■ DATA EXCERPT
^^^^^^^^

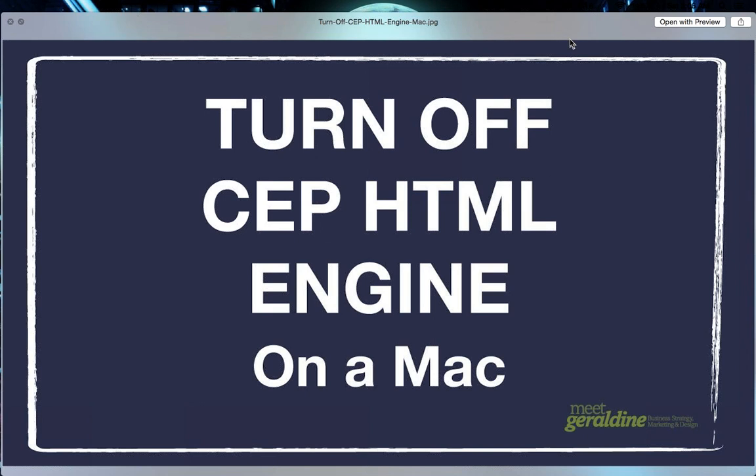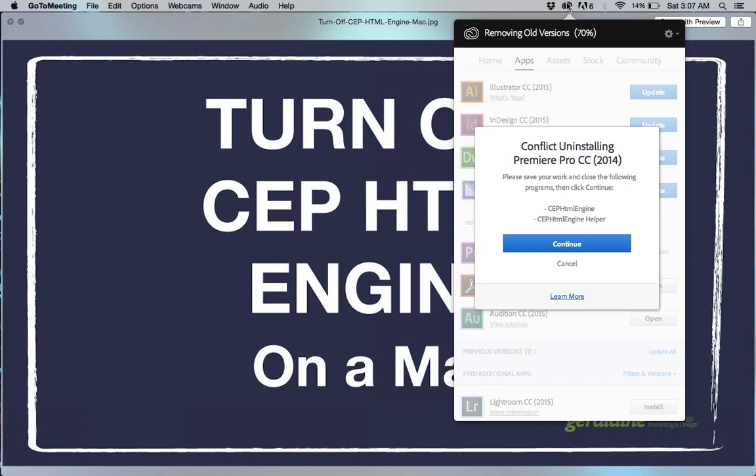This is a video tutorial on how to turn off the CEP HTML engine on a Mac. One reason you might want to do this is if you're trying to install a program and it's telling you that you need to shut off that program or process before you do so.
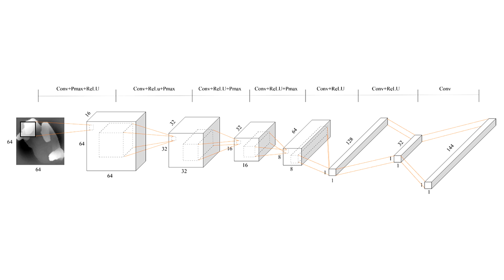Our method uses activation features output from deep convolutional neural networks to estimate the hand pose parameters in a matrix completion framework.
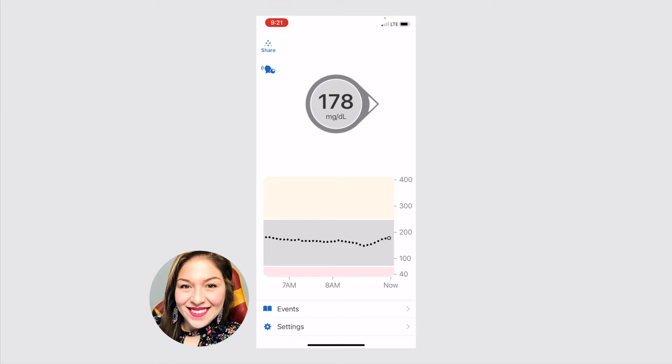That way you can either adjust for a high if you need to take insulin or adjust for a low if you need to get some juice or a snack. Underneath the number, you'll see a graph.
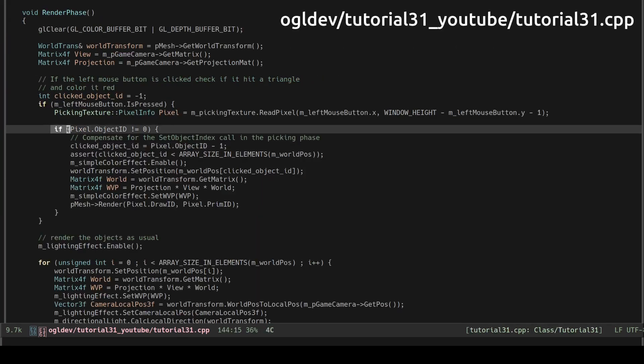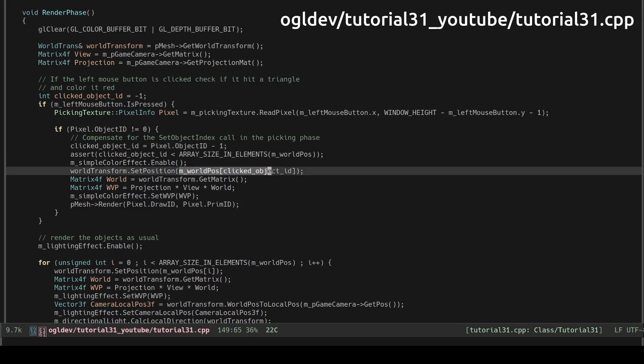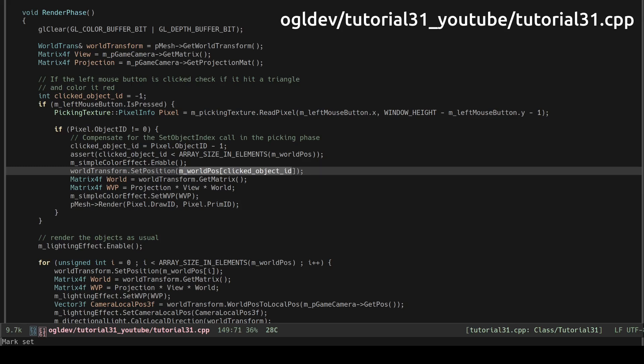As we discussed earlier the indices of the real object starts at 1 so we have to decrement to get it back to 0 base. We use the object index to get the position of the corresponding object from the position array.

^^^^^^^^

■ PROMPT
Pass over the images and copy the rest of the material above exactly.

■ EXERCISE ANSWER
This is a video tutorial on how to turn off the CEP HTML engine on a Mac. One reason you might want to do this is if you're trying to install a program and it's telling you that you need to shut off that program or process before you do so.
Our method uses activation features output from deep convolutional neural networks to estimate the hand pose parameters in a matrix completion framework.
That way you can either adjust for a high if you need to take insulin or adjust for a low if you need to get some juice or a snack. Underneath the number, you'll see a graph.
As we discussed earlier the indices of the real object starts at 1 so we have to decrement to get it back to 0 base. We use the object index to get the position of the corresponding object from the position array.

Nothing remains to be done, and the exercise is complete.